Using the material below, return exactly the lines between the one holding "Eflatun 00749 Siyah" and the one holding "Ganesh Statue Q5955", inclusive, and no others.

Records for this task below:

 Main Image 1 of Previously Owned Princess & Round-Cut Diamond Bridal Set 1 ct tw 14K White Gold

End of Records for this task.
Records for this task below:

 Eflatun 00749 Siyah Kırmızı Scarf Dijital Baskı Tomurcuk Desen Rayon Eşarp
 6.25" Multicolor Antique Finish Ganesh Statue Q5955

End of Records for this task.
Records for this task below:

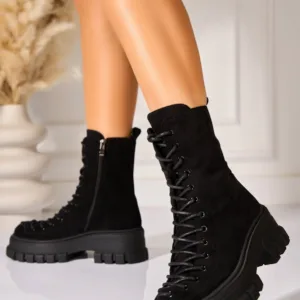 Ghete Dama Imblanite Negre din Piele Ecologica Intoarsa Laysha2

End of Records for this task.

Written solution:
 Eflatun 00749 Siyah Kırmızı Scarf Dijital Baskı Tomurcuk Desen Rayon Eşarp
 6.25" Multicolor Antique Finish Ganesh Statue Q5955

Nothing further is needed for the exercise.